PROVIDED DATA Block Start

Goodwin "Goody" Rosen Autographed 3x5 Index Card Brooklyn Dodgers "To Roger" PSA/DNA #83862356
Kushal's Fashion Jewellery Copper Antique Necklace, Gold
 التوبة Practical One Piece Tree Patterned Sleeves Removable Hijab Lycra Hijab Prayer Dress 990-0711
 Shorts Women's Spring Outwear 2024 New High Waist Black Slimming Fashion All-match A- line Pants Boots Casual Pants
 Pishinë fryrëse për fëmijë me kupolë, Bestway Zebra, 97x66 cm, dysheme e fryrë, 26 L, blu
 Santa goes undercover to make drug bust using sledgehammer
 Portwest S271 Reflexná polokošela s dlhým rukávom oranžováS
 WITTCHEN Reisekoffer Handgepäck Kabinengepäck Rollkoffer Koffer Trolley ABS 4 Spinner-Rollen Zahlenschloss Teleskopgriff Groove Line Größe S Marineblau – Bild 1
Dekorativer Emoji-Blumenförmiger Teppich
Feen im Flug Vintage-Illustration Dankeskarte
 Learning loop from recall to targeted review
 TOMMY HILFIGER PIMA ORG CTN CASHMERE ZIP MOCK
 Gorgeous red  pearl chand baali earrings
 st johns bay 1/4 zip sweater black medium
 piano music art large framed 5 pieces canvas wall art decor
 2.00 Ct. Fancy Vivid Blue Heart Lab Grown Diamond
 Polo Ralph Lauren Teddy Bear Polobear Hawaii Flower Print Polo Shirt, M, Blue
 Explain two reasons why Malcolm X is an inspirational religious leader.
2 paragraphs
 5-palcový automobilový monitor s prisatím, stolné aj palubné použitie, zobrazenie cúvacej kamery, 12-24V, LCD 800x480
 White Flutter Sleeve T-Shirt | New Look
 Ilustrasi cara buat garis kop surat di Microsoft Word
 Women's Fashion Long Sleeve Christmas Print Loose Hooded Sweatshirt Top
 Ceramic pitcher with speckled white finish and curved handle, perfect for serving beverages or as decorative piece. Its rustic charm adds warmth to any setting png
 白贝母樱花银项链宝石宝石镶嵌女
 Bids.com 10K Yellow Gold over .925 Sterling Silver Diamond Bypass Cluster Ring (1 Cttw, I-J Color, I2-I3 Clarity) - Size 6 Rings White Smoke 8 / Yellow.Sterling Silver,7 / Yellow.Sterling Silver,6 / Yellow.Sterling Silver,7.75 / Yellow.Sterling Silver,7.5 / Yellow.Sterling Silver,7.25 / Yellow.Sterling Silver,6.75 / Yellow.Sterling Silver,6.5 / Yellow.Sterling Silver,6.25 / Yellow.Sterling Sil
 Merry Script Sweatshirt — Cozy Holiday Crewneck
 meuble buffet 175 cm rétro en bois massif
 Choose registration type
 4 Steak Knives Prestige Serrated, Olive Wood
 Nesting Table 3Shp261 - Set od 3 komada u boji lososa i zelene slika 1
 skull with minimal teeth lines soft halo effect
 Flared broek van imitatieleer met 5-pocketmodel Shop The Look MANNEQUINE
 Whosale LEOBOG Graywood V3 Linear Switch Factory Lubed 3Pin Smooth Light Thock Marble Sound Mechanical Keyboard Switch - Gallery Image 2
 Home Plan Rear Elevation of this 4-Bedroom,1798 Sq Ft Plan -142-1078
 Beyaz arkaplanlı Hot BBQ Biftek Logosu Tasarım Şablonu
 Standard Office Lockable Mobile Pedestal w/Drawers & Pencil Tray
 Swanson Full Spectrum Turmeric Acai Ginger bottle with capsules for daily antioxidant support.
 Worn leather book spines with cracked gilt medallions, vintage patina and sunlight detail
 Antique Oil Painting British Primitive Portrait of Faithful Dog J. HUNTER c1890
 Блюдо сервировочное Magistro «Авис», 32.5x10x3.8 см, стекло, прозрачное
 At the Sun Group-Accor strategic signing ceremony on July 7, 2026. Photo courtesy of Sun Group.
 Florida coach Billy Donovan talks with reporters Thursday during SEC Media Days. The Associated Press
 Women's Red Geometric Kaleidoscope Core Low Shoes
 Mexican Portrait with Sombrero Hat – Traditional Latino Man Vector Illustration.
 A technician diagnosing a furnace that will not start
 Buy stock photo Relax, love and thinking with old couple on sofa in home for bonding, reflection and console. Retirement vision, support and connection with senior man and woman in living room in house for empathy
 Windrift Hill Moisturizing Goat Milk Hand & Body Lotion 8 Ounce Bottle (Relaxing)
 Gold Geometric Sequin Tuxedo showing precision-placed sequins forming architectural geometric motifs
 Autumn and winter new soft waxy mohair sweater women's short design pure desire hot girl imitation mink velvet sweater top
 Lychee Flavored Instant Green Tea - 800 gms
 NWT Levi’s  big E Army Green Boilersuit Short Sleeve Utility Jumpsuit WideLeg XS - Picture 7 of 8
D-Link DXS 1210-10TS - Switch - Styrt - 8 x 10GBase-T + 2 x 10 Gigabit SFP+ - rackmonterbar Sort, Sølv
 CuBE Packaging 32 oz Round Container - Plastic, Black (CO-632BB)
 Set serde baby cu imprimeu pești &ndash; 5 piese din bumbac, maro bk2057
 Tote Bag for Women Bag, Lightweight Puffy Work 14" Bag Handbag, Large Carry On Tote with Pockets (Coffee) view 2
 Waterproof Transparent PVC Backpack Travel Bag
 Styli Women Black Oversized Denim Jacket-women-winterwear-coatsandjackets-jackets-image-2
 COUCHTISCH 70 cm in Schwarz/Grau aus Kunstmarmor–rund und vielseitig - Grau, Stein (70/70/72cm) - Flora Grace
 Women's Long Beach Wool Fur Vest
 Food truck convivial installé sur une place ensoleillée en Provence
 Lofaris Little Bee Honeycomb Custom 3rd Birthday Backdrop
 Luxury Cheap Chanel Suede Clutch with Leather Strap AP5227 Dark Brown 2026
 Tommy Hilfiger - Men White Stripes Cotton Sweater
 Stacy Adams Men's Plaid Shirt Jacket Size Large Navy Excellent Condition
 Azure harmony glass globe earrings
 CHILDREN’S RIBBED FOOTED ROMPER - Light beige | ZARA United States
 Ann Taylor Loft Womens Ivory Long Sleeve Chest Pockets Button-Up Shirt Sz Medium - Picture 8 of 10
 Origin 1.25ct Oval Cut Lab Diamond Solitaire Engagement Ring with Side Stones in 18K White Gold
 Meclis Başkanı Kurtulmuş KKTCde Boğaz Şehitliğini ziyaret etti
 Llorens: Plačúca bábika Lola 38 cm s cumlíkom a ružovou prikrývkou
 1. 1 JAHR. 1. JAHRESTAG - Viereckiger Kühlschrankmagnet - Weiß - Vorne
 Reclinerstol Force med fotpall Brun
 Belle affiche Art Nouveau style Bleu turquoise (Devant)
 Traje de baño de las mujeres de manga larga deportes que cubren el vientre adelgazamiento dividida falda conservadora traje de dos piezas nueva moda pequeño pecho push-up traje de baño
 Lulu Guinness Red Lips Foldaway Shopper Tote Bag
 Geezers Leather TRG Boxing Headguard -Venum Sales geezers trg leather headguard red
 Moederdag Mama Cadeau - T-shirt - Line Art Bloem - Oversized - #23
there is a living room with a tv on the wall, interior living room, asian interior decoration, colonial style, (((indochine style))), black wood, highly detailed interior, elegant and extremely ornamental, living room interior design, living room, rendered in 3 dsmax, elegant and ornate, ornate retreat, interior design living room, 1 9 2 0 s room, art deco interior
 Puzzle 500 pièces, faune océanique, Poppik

PROVIDED DATA Block End

TASK TO COMPLETE: Report each line of the listing above that uses the word "Oversized".

PROBLEM SOLUTION:
 Styli Women Black Oversized Denim Jacket-women-winterwear-coatsandjackets-jackets-image-2
 Moederdag Mama Cadeau - T-shirt - Line Art Bloem - Oversized - #23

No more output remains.